Adlai Stevenson, President John Kennedy’s Ambassador to the U.N., said, “The whole basis of the United Nations is the right of all nations – great or small – to have weight, to have a vote, to be attended to, to be a part of the twentieth century.” I have no doubt that Stevenson would include the twenty-first century as well.
These quotes emphasize what should be the most important aspects of the United Nations: the fact that all of the citizens of the world should be represented and heard if the world body is to fulfill its challenge. But do all Americans really understand that challenge, much less the goals, successes and occasional failings of the U.N.?

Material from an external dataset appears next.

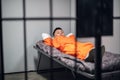 A prisoner in an asian high-security prison lies on a bunk in a red prisoner`s uniform in a solitary cell.
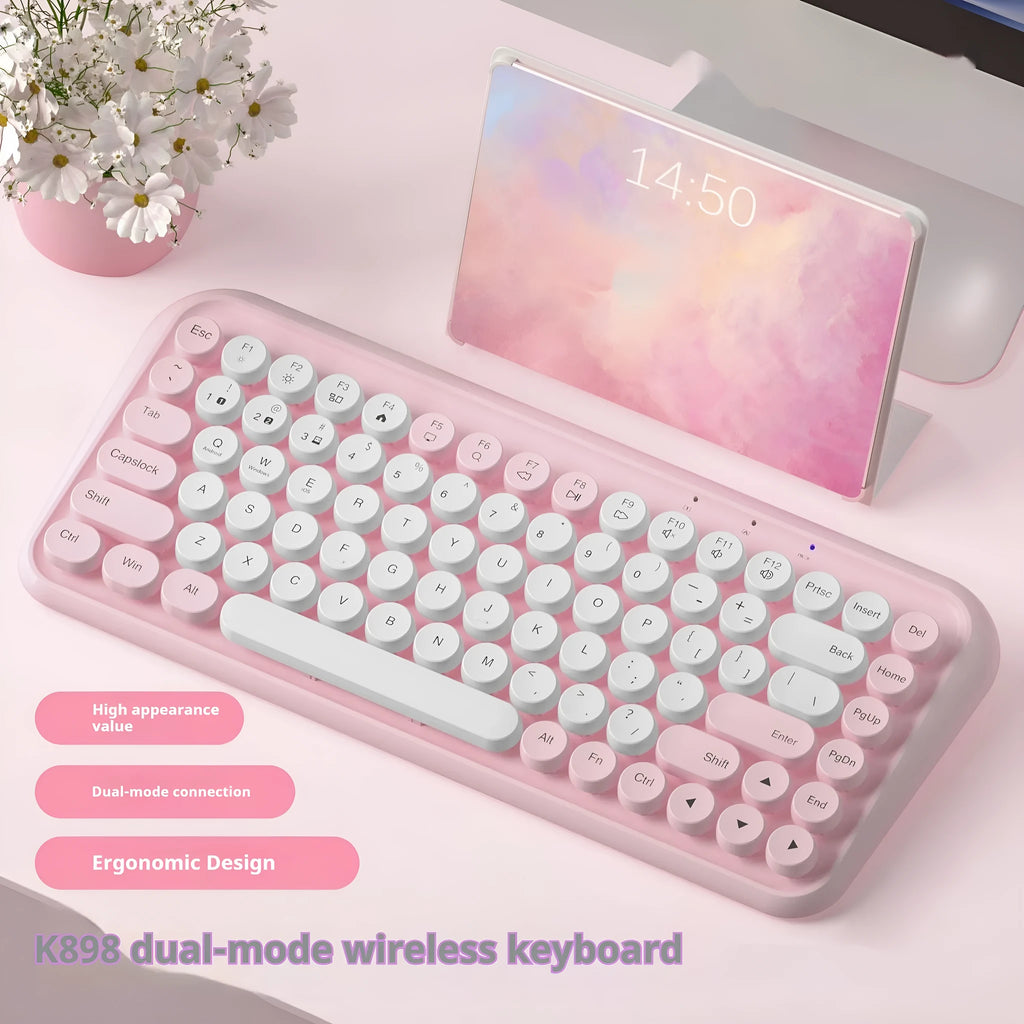 Pink portable Bluetooth wireless keyboard with 84 keys and compact design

The Commission is charged with supervising the state’s observance of United Nations Day on October 24th, the anniversary of the adoption of the U.N. Charter in 1945, and International Human Rights Day on December 10th, which also marks the anniversary of the signing of the International Declaration on Human Rights. The Commission does significant outreach to schools and civic organizations to provide knowledge of the United Nations, its history and goals. It also expresses “its views on issues affecting the U.N., and communicates its views to public officials and the news media.”
Our current commissioners were appointed by both Republican and Democratic governors. I myself was appointed to the Governor’s Commission on the United Nations by Governor Doyle in 2004, and I am honored to have been so chosen. It has been a very satisfying experience getting to know my fellow commissioners, and I am firmly of the opinion that we have done valuable work.
Incidentally, the Commission has operated under an informal budget of about $2,000 per annum, to be used primarily for travel, and has hardly ever been used. All of us volunteer our time and expenses for this cause.
But Governor Scott Walker doesn’t think we need this unique institution. Weeks before his contentious budget repair bill was announced, each member of the Commission received an official letter from Eric Esser, the governor’s appointments director, stating that “the decision was made to not reestablish the Governor’s Commission on the United Nations. As a result of this decision, pursuant to Wisconsin Statute, section 14.019, the board [sic] no longer exists at this time.”
A Wisconsin institution with a 52-year history, the only one of its kind in the United States, is no more. It has not been an expensive program, and has lent our state considerable prestige in international circles. In this increasingly global environment, doesn’t it make sense to educate Americans on the role of the United Nations?
I think we deserve an answer to that question.